You mentioned that at the UNLV Summit on Education, that uncertainty around evaluation and accountability. What’s your level of input into that process?

Until the new bill gets authorized — I believe the Senate is voting on it today and it’s a 1,078-page bill, so there will be lots of interpretations that have to be done — both at the federal and state level, we’ll have our own group start interpreting what it means and where local control can be. The biggest challenge is, how do we effectively measure? In the past, all our assessment systems were based on multiple choice, and it was easy to get an answer fairly soon on how a student had progressed. That doesn’t measure the skills that were talked about yesterday by (keynote speaker and “chief education evangelist” for Google) Jaime Casap. It doesn’t mesh with where the world is going. So, you have to balance those pieces of accountability with the skills we need to be measuring for our students to be successful in the world of the future.

 

And outcomes, the new target, are hard to measure, right?

What was exciting yesterday, though, was that we have classrooms that are doing what he talked about: project-based learning, collaboration. I’ve seen amazing classroom lessons where kids get together and solve problems in a collaborative way and are able to have discourse about the answers in groups to get to the rationale for what’s the best solution to a problem. So, it’s using technology. It’s been exciting to see that, but we have to replicate it on a larger scale. But then comes the measurement piece. If they’re not able to transfer that into an assessment that’s standardized so that we can be measured against other students and other districts, then it’s a major challenge.

 

Over the last 20 years, there’ve been a number of district reorganization plans, from a 10-district plan to five subregions to 15 performance zones. Your plan is to create seven instructional precincts. What sets your idea part?

I’ve worked under all those, so I understand where all the challenges and successes were, and how they could have been more successful. The difference in my mind and what we put down on paper is that we have created a system for stakeholder groups to have input at a more local level, meaning that parents have a system where one is elected from each school group to serve on a larger committee that is an advisory committee to the instructional precinct, and that committee selects one person to sit on the overall advisory board. So, there’s almost like a structure set up so that people are guaranteed a say in what is going on through different groups. We never had that in the past iterations. It gives support staff, it gives our administrators and teachers all a say. It gives business and community a chance to sit at the table and have input on what we’re trying to accomplish within the instructional precinct.

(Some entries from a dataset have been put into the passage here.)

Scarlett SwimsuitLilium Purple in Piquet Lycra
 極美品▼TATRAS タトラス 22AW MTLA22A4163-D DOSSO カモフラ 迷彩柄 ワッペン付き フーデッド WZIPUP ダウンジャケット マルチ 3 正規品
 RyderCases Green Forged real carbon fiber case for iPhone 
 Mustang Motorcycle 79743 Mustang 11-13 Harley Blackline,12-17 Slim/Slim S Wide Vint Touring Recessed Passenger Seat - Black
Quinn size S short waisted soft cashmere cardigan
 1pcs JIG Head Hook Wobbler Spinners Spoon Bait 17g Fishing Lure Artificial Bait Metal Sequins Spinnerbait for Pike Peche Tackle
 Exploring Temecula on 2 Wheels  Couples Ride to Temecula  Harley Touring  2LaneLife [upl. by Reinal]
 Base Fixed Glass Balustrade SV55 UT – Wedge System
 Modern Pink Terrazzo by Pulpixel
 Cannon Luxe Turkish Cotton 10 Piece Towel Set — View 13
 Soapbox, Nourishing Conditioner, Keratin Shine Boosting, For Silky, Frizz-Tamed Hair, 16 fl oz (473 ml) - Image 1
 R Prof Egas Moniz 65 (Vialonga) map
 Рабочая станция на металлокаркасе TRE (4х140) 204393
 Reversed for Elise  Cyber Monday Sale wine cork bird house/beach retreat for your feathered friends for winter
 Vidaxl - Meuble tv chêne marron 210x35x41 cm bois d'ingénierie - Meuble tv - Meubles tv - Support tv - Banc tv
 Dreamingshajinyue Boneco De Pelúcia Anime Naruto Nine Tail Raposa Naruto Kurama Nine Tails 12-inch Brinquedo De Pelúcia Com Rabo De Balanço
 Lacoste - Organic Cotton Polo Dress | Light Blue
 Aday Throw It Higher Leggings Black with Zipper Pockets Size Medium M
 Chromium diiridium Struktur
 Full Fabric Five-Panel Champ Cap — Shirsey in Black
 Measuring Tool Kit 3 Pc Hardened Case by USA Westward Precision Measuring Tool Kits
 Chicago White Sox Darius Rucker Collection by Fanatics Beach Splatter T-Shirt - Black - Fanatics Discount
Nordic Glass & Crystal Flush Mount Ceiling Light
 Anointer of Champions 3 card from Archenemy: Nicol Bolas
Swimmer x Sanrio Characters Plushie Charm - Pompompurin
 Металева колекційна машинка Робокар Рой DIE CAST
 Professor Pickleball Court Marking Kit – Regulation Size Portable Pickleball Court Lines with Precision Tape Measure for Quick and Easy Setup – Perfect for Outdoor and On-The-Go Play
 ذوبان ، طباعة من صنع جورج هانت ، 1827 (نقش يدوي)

But there are some important things we still have to look at: One, it has to increase student achievement. Two, it has to make sure the voice of the community at the local level, down at the school level, is heard, and that they have a voice in decisions made at a higher level. Three, it has to make sure we don’t create any barriers. When you look at all the iterations of the 1995 report (proposing a 10-district plan), it created barriers to student access, choice, opportunity. The minute we do that, we’ve created bigger problems for our students. Four, the reason that I went for was, I needed to ensure that we protected the $4.1-billion (construction) bond we were given at the beginning of the session. I needed to make sure we kept the overall district intact so that we did not cost taxpayers more, or force them to pay more in interest, with less money going into rehab, modernization and building of new schools.

 

So, what’s the relationship between your reorganization of the district and the bill mandating the study to break up the district?

Mine was a response to that, to get them at least an idea of how it could work. And, the only reason I chose trustee districts is that has gone through a formal vetting process, when we redistricted. But I will go back to the 1995 study and then to the Guinn report that came out that said there is no equitable way to divide this district into sub-districts without creating minority districts or barriers for kids. So, it may be changing the way we do business. Instead of necessarily restructuring, completely, everything, maybe just changing the way we do business and providing that decision-making at the local level with accountability measures to support the money that’s going to those schools.

 

What would happen if the referendum to repeal the tax package were successful?

It would devastate all the major programs that we have. Zoom Schools — we now have 33 Zoom Schools; 50 percent of those would go away. The Victory Schools, all but 22 would go away. We would lose the momentum for the Read by Grade 3 initiative, which we’re already working on. We got the first round of grants to plan for the second year. We’d lose the one-to-one technology program that was talked about yesterday. All of that would be gone. So, we would then have to come up with the money on our own to continue all these programs, which would severely hurt student achievement across the board.


What else can you do as the person who’s in charge of 74 percent of the students in the state, to help change the conversation and change voters’ minds?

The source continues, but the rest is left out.